Neither could know the coincidence and irony of what was coming. In 1940, both men would win the Pulitzer Prize: Steinbeck in literature for The Grapes of Wrath, Saroyan in drama for The Time of Your Life, an alarmingly original treatment of people waiting for something to happen, and a harbinger of plays like Waiting for Godot—except that in Saroyan’s piece something dramatic finally does happen. Really, what were the odds of a couple of guys sitting in a little room in Pacific Grove, California, each simultaneously nabbing a Pulitzer a few years later—though Saroyan would turn his Pulitzer down, saying he did not believe in awards in the arts. Steinbeck would be quoted as saying, “Bill knows what he wants to do and I don’t see that it is anybody’s business.” He said he felt better about his Pulitzer because Saroyan, though rejecting it, got one too.

Steinbeck said he felt better about his Pulitzer Prize because Saroyan, though rejecting it, got one too.

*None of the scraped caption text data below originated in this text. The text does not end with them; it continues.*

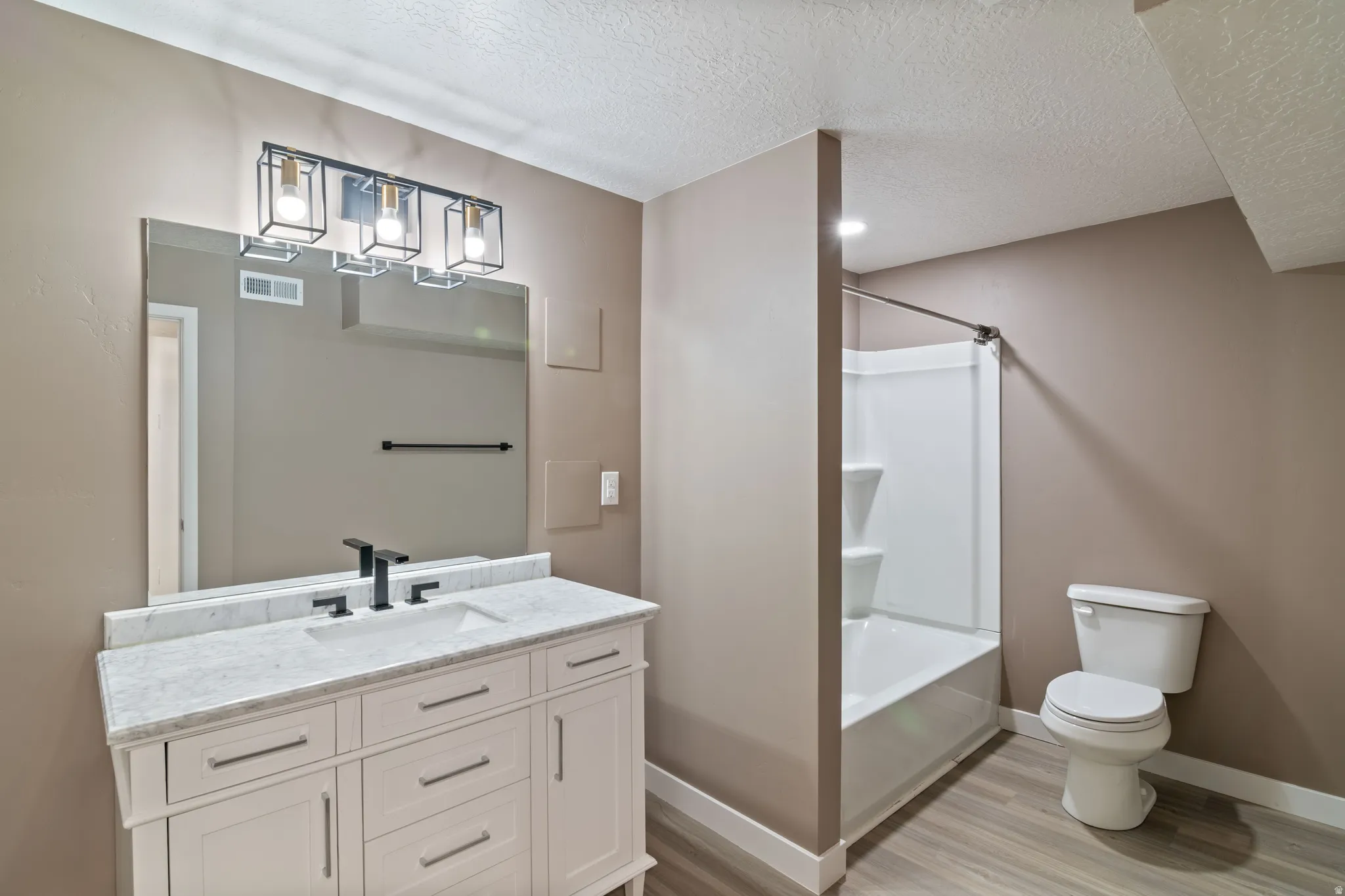 Full Bathroom featuring a white vanity with a light-toned countertop, a rectangular mirror, and a three-light fixture with black metal frames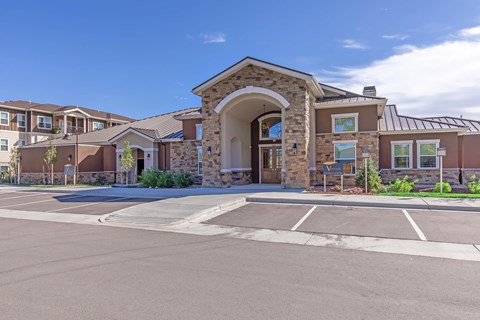A building with a stone archway entrance and a parking lot in front.
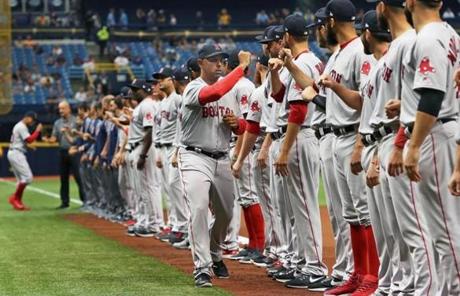 St. Petersburg, FL: 3/29/2018: Red Sox manager Alex Cora runs the gauntlet during pre game introductions. The Boston Red Sox visited the Tampa Bay Rays for the Opening Day of the 2018 baseball season at Tropicana Field. (Jim Davis/Globe Staff)
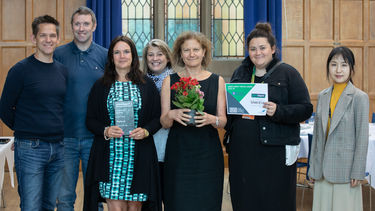 Photograph of staff and students from the School of Law holding their impact award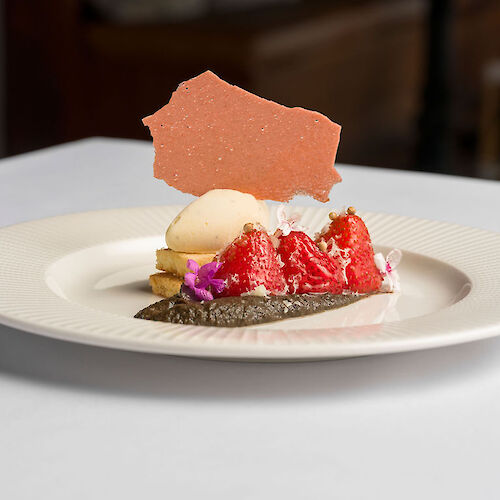 A plated dessert with watermelon, ice cream, a cracker, cream, and decorative elements, served on a white plate.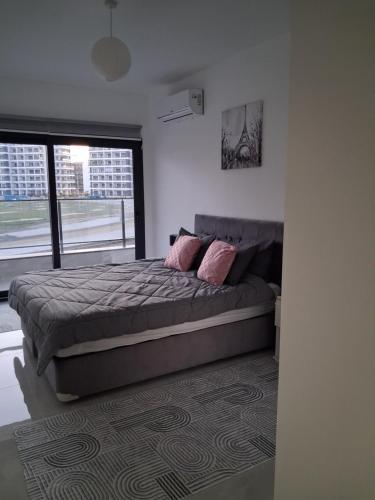 a bedroom with a large bed with pink pillows at Fabius 12 Caesars Resort & Spa in Iskele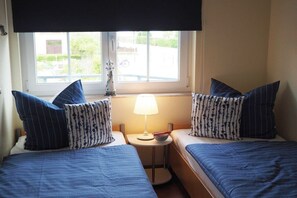 Hotellihuone, jossa on kaksi sänkyä, ikkuna, josta on näkymä, pieni pöytä lampun kanssa ja koriste-esine ikkunalaudalla.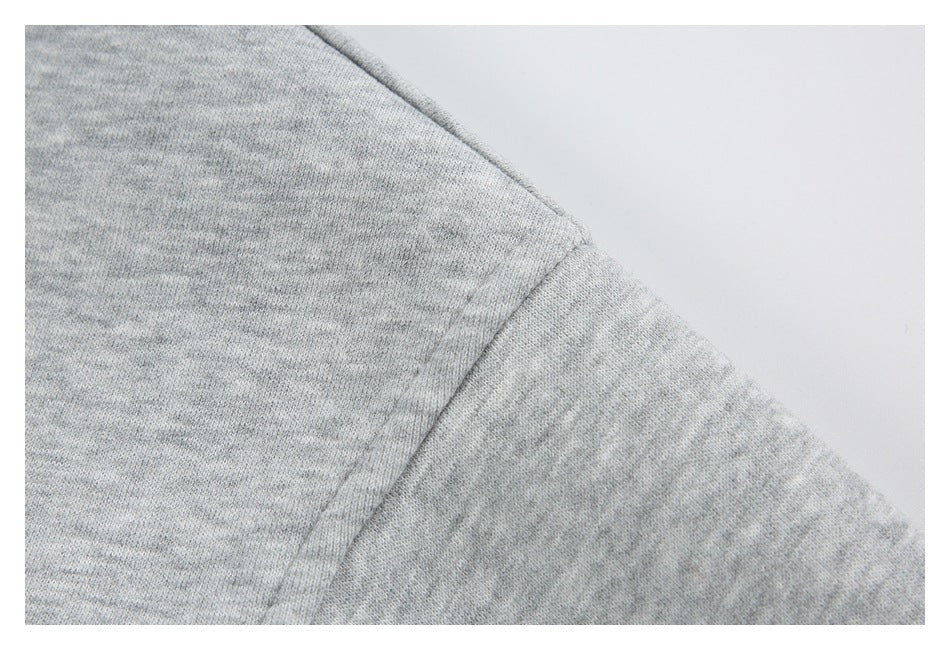 Close-up of a heather gray sweatshirt shoulder seam and sleeve.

Of course Steinbeck had already shown what he could do, having written Tortilla Flat, his first popular novel—along with the stories later collected in The Long Valley—and likely at work on his 1937 hit, Of Mice and Men. When they met, however, Saroyan was simply the hottest short story author in America, closely identified with California’s Central Valley and the Armenian community around Fresno, much as Steinbeck came to be with the Salinas Valley and the characters around Monterey County. Known for writing quickly, Saroyan believed in spontaneity—which produced frequent masterpieces but also, now and then, a story that might need more work. But Saroyan was Saroyan, and The Time of Your Life, The Human Comedy, and The Daring Young Man on the Flying Trapeze would make him famous.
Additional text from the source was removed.